Can't hear Christmas Carols? Try Loud Sox

 

         Being hearing impaired during the holiday season is a mixed blessing. On the one hand, tuning out annoying, Muzak-y Christmas carols in stores and elevators is easy. Just remove your hearing aid and/or cochlear implant and ta-dah: silent night. On the other hand, hymns and carols you want to hear tend to sound like banshees.

           For me, the season is especially vexing. For all the many years I had good hearing, music was a huge part of Christmas. I’ve heard many a Messiah and I’ve caroled all over, from Mississippi to Minneapolis.  Since I’m not a golfer or much of a Mr. Fix-It, CDs tended to be the default Christmas gift for me from my family. Plus, I had a seasonal ritual of doing my morning stretches to one of a small trove of beloved Christmas albums, among them Elvis Presley’s 1958 holiday classic and A Nonesuch Christmas, a wonderful collection of choral and instrumental music from the Renaissance and the Middle Ages.
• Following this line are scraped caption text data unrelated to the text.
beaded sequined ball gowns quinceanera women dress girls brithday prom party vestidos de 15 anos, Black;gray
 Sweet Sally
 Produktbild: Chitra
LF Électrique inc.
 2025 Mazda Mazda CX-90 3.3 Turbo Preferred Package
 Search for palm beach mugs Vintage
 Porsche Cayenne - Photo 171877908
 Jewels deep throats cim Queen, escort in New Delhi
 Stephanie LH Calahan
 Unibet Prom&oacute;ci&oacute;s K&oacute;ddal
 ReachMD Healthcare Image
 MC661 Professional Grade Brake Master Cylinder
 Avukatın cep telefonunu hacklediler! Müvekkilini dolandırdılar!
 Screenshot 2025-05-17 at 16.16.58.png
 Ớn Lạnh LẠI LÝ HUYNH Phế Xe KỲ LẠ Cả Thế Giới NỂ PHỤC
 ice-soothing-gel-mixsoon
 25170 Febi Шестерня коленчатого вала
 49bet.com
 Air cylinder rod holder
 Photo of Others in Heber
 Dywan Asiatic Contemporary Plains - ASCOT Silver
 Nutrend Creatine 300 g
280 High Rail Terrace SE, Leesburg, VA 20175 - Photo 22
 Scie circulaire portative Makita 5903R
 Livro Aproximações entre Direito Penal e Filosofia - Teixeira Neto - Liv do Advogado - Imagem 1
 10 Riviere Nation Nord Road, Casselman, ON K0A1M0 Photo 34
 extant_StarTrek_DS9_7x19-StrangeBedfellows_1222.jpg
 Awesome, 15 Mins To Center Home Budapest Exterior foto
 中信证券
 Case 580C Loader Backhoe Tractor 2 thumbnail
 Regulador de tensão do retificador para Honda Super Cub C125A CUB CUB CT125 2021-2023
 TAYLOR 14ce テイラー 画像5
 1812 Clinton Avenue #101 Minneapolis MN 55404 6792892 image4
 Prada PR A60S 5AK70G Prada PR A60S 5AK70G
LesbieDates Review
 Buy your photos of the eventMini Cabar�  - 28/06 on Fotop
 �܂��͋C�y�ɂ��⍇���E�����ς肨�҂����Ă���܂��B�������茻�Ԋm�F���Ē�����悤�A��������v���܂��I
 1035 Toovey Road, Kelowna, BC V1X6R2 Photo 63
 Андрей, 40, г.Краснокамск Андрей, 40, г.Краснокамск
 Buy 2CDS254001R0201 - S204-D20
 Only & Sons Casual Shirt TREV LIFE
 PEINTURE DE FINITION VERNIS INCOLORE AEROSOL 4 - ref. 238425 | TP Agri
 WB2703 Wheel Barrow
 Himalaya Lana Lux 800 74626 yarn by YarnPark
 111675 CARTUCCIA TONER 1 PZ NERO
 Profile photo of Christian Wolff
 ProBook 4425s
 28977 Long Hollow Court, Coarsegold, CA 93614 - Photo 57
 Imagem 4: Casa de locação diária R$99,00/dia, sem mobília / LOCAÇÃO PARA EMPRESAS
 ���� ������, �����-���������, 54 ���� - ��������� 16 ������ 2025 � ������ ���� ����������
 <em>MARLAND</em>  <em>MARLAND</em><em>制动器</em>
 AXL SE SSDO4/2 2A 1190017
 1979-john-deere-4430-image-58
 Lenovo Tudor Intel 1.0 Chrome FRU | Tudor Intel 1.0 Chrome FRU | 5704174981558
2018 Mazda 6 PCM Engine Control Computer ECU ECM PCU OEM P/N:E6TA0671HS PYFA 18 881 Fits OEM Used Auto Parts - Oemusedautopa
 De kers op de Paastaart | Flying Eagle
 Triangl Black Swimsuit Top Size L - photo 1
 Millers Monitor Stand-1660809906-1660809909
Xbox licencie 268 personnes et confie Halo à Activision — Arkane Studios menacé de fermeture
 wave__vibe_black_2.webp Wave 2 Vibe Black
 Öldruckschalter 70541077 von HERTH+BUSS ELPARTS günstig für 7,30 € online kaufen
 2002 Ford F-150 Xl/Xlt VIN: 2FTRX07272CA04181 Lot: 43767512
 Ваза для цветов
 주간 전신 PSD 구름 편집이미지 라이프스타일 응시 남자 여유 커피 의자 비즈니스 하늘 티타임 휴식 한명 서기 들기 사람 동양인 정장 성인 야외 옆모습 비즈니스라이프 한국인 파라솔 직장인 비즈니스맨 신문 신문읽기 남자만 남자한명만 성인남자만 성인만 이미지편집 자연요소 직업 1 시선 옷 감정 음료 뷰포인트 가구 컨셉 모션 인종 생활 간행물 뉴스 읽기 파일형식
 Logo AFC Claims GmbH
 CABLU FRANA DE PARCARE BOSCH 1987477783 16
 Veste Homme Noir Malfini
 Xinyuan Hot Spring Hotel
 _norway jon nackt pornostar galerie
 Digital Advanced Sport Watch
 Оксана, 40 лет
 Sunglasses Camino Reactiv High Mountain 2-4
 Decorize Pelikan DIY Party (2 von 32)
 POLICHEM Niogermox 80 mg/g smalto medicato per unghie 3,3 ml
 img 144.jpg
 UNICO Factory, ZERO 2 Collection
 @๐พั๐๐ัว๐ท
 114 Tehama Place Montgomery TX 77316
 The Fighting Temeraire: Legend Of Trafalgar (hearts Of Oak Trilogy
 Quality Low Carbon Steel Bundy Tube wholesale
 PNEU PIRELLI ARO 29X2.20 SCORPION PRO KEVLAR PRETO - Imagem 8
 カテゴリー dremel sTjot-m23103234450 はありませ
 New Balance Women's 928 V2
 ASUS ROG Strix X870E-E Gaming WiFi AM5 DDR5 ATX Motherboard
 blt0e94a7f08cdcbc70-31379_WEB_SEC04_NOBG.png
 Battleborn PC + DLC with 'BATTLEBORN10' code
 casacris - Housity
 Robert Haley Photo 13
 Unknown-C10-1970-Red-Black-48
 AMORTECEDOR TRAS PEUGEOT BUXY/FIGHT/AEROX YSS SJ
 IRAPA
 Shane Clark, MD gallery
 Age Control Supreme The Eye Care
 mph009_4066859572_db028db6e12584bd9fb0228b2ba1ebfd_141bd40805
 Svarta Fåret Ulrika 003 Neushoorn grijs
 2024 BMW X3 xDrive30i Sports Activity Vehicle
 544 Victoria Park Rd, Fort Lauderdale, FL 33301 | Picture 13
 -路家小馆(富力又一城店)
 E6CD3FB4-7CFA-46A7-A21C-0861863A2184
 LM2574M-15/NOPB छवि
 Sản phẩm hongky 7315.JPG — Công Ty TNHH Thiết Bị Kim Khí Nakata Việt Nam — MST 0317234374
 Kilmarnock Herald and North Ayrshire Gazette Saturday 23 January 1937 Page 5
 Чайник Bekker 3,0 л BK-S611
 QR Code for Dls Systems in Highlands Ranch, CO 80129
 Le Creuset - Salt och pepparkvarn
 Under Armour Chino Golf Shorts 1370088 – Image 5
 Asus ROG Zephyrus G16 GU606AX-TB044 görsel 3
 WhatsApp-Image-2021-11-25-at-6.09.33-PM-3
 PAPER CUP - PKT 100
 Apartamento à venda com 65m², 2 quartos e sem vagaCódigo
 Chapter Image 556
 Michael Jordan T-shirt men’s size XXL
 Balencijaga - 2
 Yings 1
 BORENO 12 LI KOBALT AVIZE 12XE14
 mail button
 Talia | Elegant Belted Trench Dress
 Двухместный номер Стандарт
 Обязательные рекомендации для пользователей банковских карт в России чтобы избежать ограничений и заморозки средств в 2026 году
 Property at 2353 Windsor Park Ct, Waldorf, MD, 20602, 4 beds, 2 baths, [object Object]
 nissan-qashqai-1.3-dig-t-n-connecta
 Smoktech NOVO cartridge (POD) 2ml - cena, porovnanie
          Nowadays, alas, I can barely distinguish Elvis from Alvin the Chipmunk, and the Nonesuch anthology sounds like sonic mush.

           It’s been a few years since my first near-deaf holiday experience, however, and I don’t let the lack of music make my Christmas blue. I’ve come up with alternatives that reward my other senses.

My wife and I go out looking for visual treats, parking on a hill to savor a great sunset or driving around our hometown after dark in search of extravagantly lighted houses.

We decorate the inside our house with evergreen cuttings to indulge my fully able sense of smell.

We bake tasty cookies and banana bread and make a pot of seafood gumbo from an old New Orleans recipe that takes hours and steams up the house.

And when I’m asked what I want for presents, I say I want sox. Give me colored sox, the brighter and wilder the better. I like ’em LOUD.